### [Aim of the task]
The records that follow are to be transcribed in full, leaving out each picture.

Pictures with short captions
------------------------

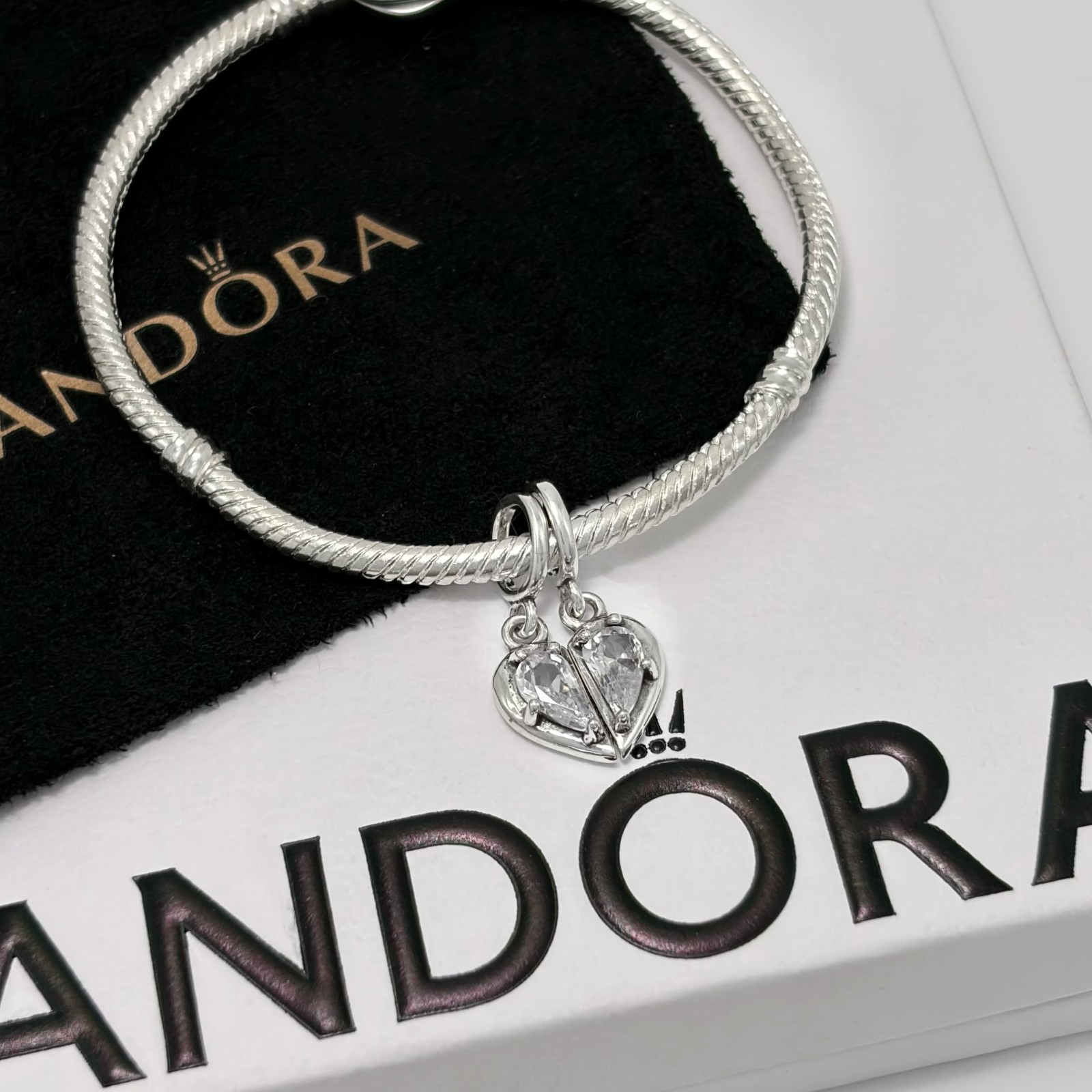 100% NEW PANDORA 925 Silver Splittable Mother & Daughter Dangle Charm, 792643C01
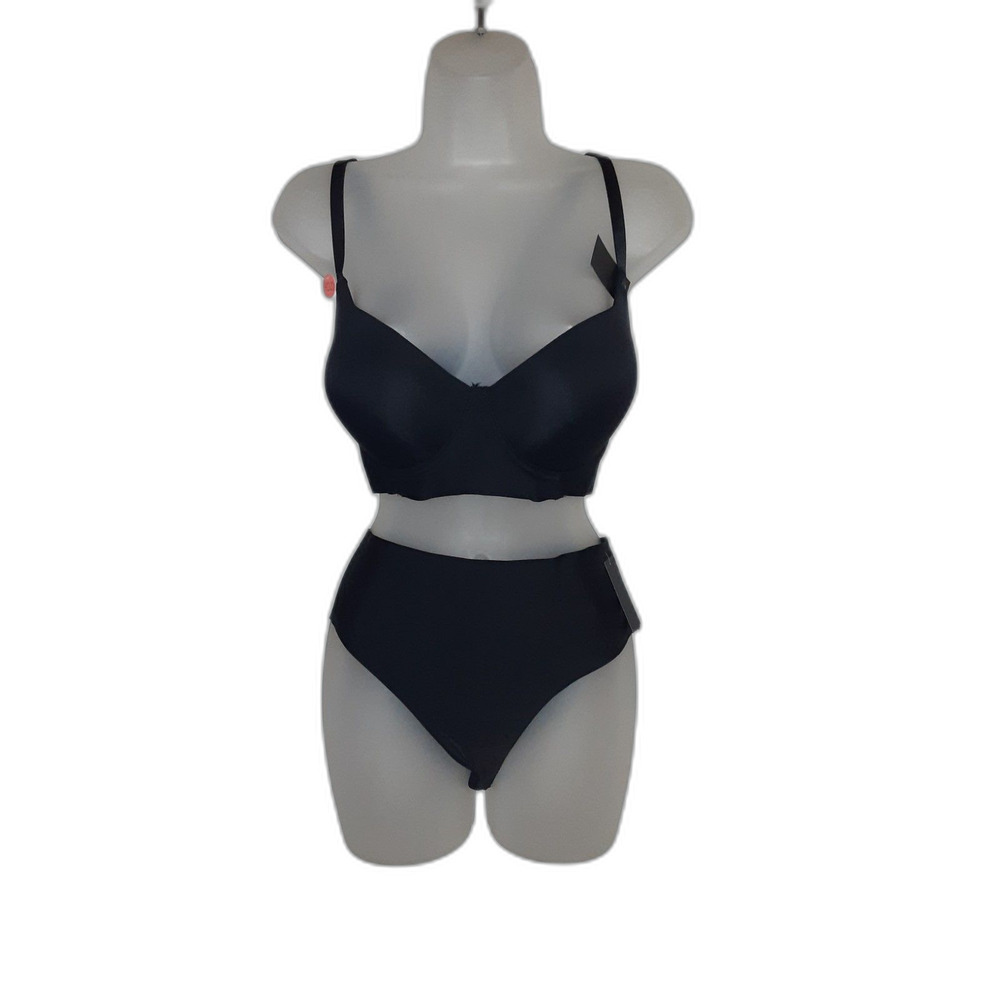 Younita 38D Black Seamless Push Up Bra and Size XL Laser Cut Seamless Panty NWT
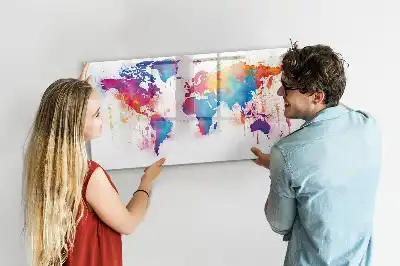 Schreib-Magnettafel in Weltkarten-Optik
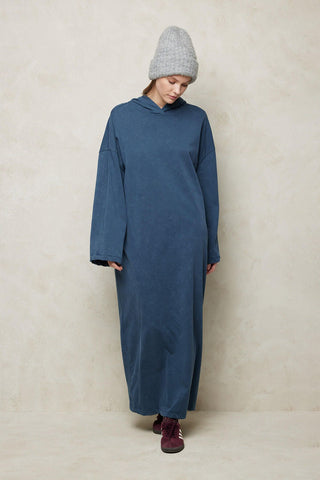 Faded Effect Hooded Sweat Dress Navy Blue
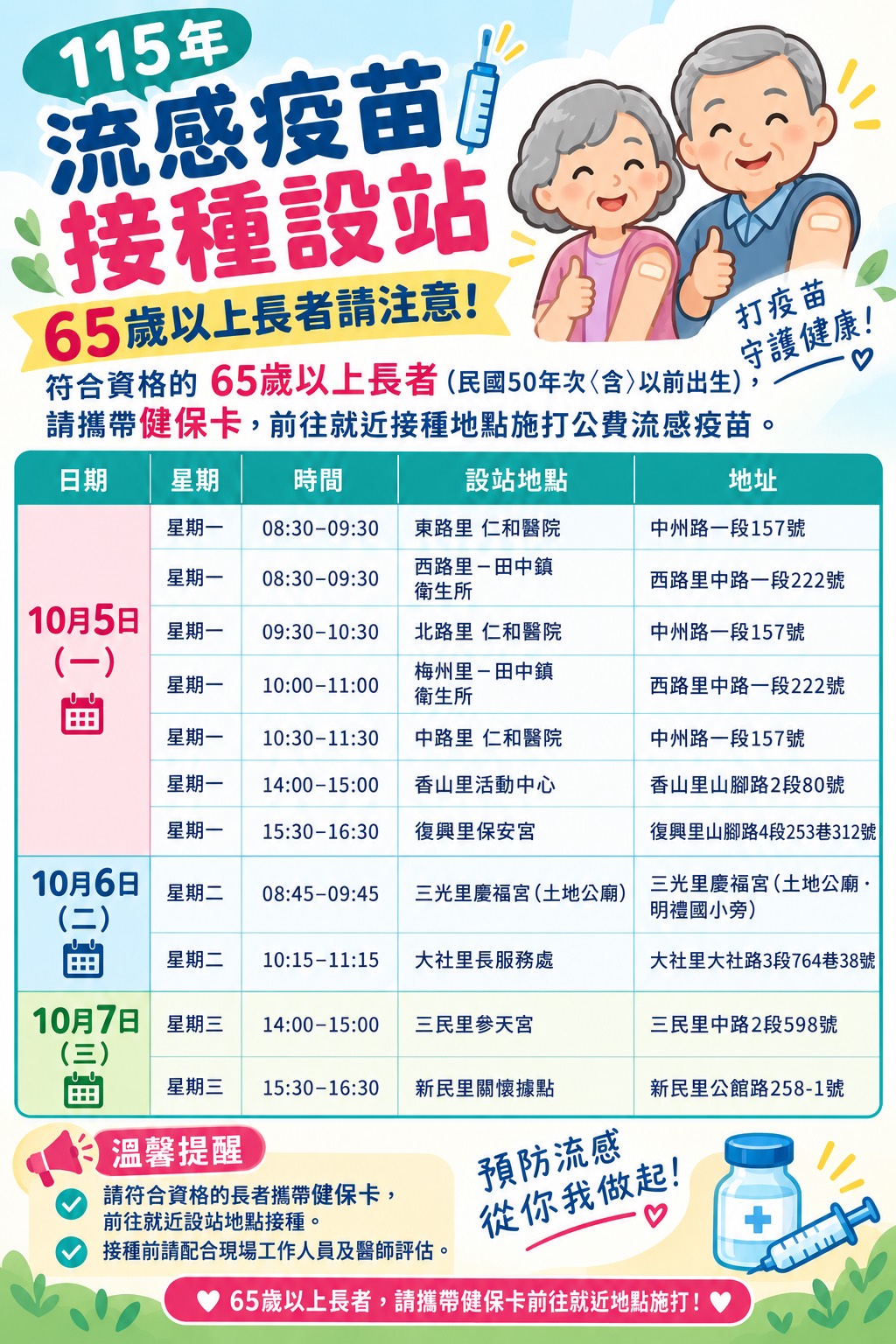 【流感疫苗預防注射活動】115年10月5、6、7日田中鎮流感疫苗社區接種站公告宣傳圖片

------------------------

### [Response to the task]
 100% NEW PANDORA 925 Silver Splittable Mother & Daughter Dangle Charm, 792643C01
 Younita 38D Black Seamless Push Up Bra and Size XL Laser Cut Seamless Panty NWT
 Schreib-Magnettafel in Weltkarten-Optik
 Faded Effect Hooded Sweat Dress Navy Blue
 【流感疫苗預防注射活動】115年10月5、6、7日田中鎮流感疫苗社區接種站公告宣傳圖片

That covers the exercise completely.